2.2. Design Methodology

In this study, only the primary seal, which is illustrated in Figure 2, has been analyzed. The flow field inside the clearance region and the deformation in the sleeve was modeled by using the Reynolds equation and the elastostatics equations, respectively.

The simulations were performed via both one-way and two-way coupled physics between the fluid and solid domains. For the one-way coupling, first, the flow field was solved. The pressure data was then transferred to the solid domain to calculate the deflection of the seal. For the fully coupled simulations, first, the fluid domain was solved. The pressure information was then imparted to the solid domain to determine the deformation on the seal, and vice versa. One might think that the analyses presented here might be easily achieved with analytical modeling. Although the flow field can be solved analytically and conveniently—when the flow is assumed to be in the axial direction only—the 2D nature of the bending makes it extremely difficult to solve the solid domain analytically. For proof-of-concept purposes, the fluid was chosen to be CO₂ rather than sCO₂ because the sCO₂ requires two-phase flow modeling, making it very challenging, and this was left as future work. The governing equations for the fluid flow and structural deformations are detailed in this section. Before elaborating on the modeling, the assumptions for both the fluid and solid domains are summarized as follows for convenience:

-

The flow is steady. There is no sudden impact assumed between the sleeve and the rotor as it is assumed that the pressure is increased gradually.

-

The flow is laminar. The laminar flow assumption was validated after the simulations (see Figure 11)

-

The flow is in 1D and along the shaft axis only. Because of the high-pressure differentials along the seal clearance, the very high majority of the flow occurs in the x-direction. The viscous effects due to the rotation of the sleeve are strongly dominated by the pressure differentials in the x-direction.

-

The rotational effects of the rotor are neglected since the majority of the flow is in the axial direction of the rotor and viscous effects are negligible as the working fluid is gas. Thus, both the flow and solid domains are modeled as axisymmetric, and the inertial terms are omitted from the governing equations of motion of the seal. This assumption was validated in Figure 10.

-

The back ring, the stator, and the rotor are not modeled, and the deformations of these rigid structures are assumed to be zero. This can be achieved by proper design of the seal.

-

The rotor and the sleeve were assumed to be concentric in this study. This can be achieved by proper design of the seal.

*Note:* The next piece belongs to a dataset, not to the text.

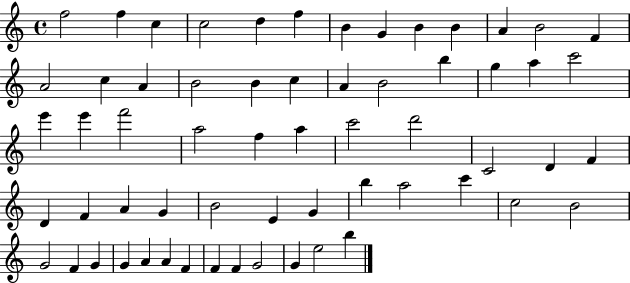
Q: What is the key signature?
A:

The clearance between the seal and the rotor is relatively thin compared to the sleeve thickness of the seal. The narrow clearance can be modeled as a domain, and the Navier-Stokes equations can be solved for the prescribed domain. However, it requires very fine mesh in the clearance compared to the sleeve, which will incur issues in maintaining the mesh quality due to sudden transitions of in the mesh size at the fluid-solid interface. This will also greatly increase the computational time. Instead, the narrow clearance between the seal and the rotor can be modeled as a surface, and the Reynolds equation, a simplified version of the Navier-Stokes equations for thin flow regions, can be solved conveniently. The general form of the Reynolds equation in the COMSOL handbook is given by [42]:

$$\frac{\partial }{\partial x}\left(-\frac{\rho h^3}{12\mu }\frac{\partial P}{\partial x}\right)+\frac{\partial }{\partial y}\left(-\frac{\rho h^3}{12\mu }\frac{\partial P}{\partial y}+\frac{\rho h}{2}\left(v_a+v_b\right)\right)=0$$

(1)

where $\rho$ is the density of the fluid, h is the film thickness (or the height of the clearance), $\mu$ is the dynamic viscosity, P is the pressure, v_a is the rotational velocity of the rotor, and v_b is the rotational velocity of the sleeve. In this study, the sleeve was stationary and the effect of the rotational speed of the rotor was neglected. Hence, the governing Reynolds equation was simplified to:

$$\frac{\mathrm{d}}{\mathrm{d}x}\left(\frac{\rho h^3}{12\mu }\frac{\mathrm{d}P}{\mathrm{d}x}\right)=0$$

(2)

The fluid flowing through the clearance applies pressure on the sleeve and causes structural deformation in the sleeve. The deformation in the structure is governed by the elastodynamics equation as shown below:

$$\mathbf{\nabla }·\mathbf{\sigma }+\mathit{F}={\rho }_{seal}\ddot{\mathit{u}}$$

(3)

where u is the deformation occurring in the structure, $\mathbf{\sigma }$ is the Cauchy stress tensor, F is the body force, and ${\rho }_{\mathrm{seal}}$ is the mass of the seal. $\mathbf{\nabla }$ is the Hamiltonian operator. In this work, the analyses were performed for steady cases, thus the acceleration term was set to zero. The body force was also neglected. Thus, Equation (3) renders into:

$$\mathbf{\nabla }·\mathbf{\sigma }=0$$

(4)

The Cauchy stress tensor is a function of the deformation, which is governed by the Hooke’s law. The simulation geometries for both the sleeve and the flow region, along with the boundary conditions and the meshing, are shown in Figure 3. The back ring, the stator, and the rotor are not modeled, and the deformations of these rigid structures are assumed to be zero. The boundary conditions at the inlet and outlet boundaries for the fluid flow along the clearance are given by:

$$P_{inlet}=P_0$$

(5)

$$P_{outlet}=P_e$$

(6)

where P₀ is the working pressure acting on the seal and P_e is the pressure at the outlet, which is equal to the atmospheric pressure. Nonetheless, the simulation methodologies presented in this study follow a sound scientific approach and lay the foundation for future model enhancements.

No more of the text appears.